Not sure if this is what you mean, but I'll give it a go.
If you consider the extrema to be the minima, you can say that an absolute minimum is always a relative minimum (because if it's not even a relative minimum, how can it be an absolute minimum?). That means that only relative minima are candidates for the absolute minimum. We could write: $$a = \min{(r_1,\ r_2,\ r_3,\ \ldots)},$$ where $a$ is the absolute minimum and $r_i$ is the $i$'th relative minimum. Hence, if we have only one minimum, we have: $$a = \min{(r_1)},$$ so that the absolute minimum automatically equals the relative minimum. The case with maxima instead of minima is analogous.
suppose I is closed. if $x_0$ is a local maximum, then if it is not an absolute maximum $\exists x_1. f(x_1) \gt f(x_0)$. if $x_0 \ne \sup\{x | x \in I\}$ we may assume w.l.o.g $x_1 \gt x_0$
since $I'=[x_0,x_1]$ is compact $f$ attains a minimum value on $I'$, say at $x'$, contradicting the assumption that the extremum at $x_0$ is unique.

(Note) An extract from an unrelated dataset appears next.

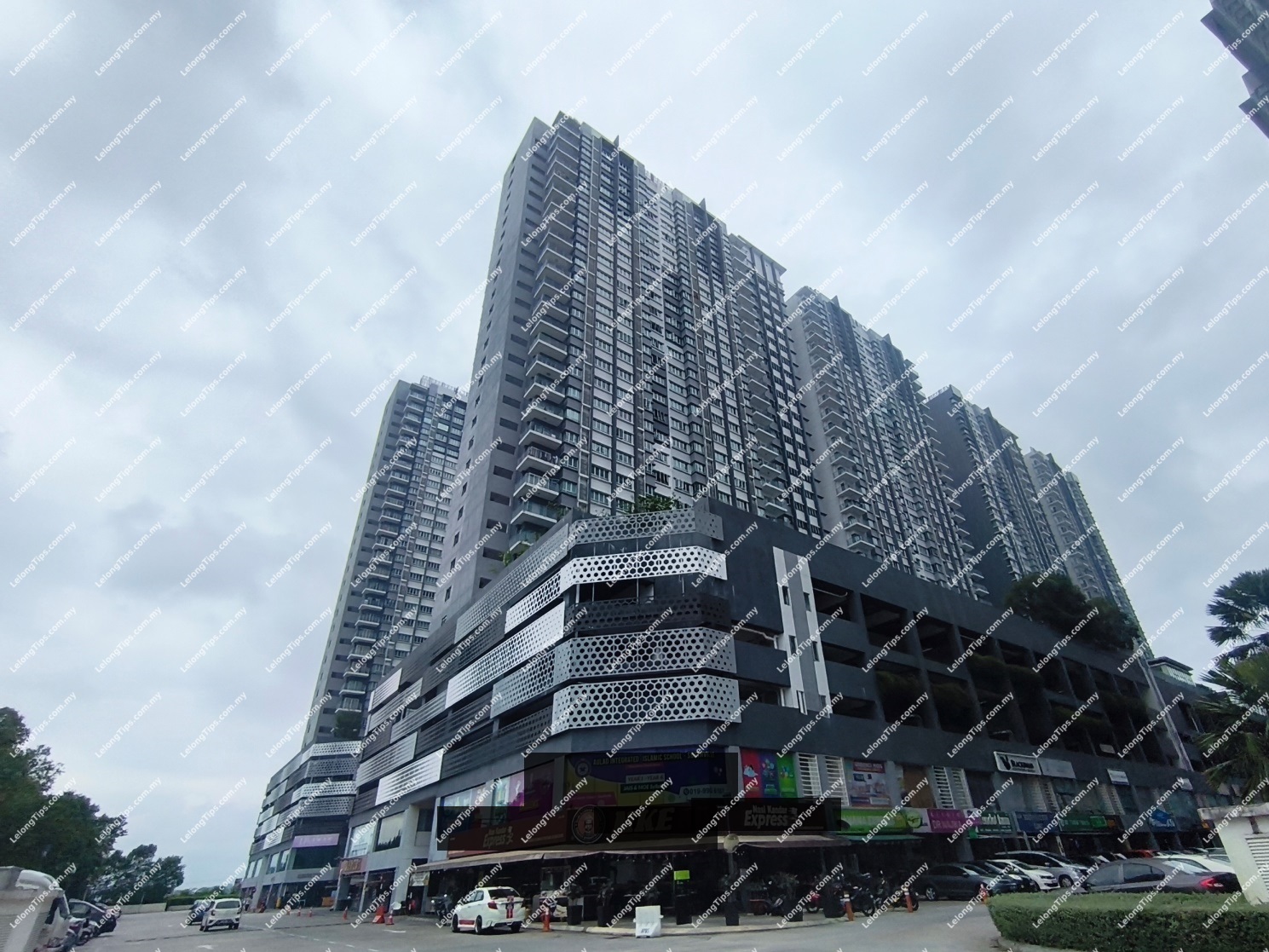 Service Apartment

other cases can be dealt with by slight modification of the same argument
Suppose $x_0$ is a local maximum. Assume $x_0$ is not an absolute maximum. Then $\exists x_1 \in I$ with $f(x_1) > f(x_1)$. Let $I'$ be the closed interval from $x_0$ to $x_1$. Let $x'$ be the global minimum of $f$ on $I'$.
Then we can choose $x' \ne x_0$, as $x_0$ is a local maximum for $f$, so there is a small open interval $V$ about $x_0$ in $I$ with $f(v) \le f(x_0)$ for $v \in V$.
Also, clearly $x' \ne x_1$.
So, $x'$ is an interior global minimum point for $f$ on $I'$, so $x'$ is a local minimum for $f$ on $I'$ and hence for $f$ on $I$, contradicting the status of $x_0$ as the unique local extremum for $f$ on $I$.
The case for $x_0$ a local minimum is similar.